### [WHAT IS REQUIRED]
Write the data below out in full, exactly as it stands.

### [INFORMATION PROVIDED]
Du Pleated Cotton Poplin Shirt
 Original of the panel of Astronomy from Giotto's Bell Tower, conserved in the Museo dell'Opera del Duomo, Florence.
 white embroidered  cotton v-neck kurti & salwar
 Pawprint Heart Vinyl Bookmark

### [SOLUTION TO THIS EXERCISE]
Du Pleated Cotton Poplin Shirt
 Original of the panel of Astronomy from Giotto's Bell Tower, conserved in the Museo dell'Opera del Duomo, Florence.
 white embroidered  cotton v-neck kurti & salwar
 Pawprint Heart Vinyl Bookmark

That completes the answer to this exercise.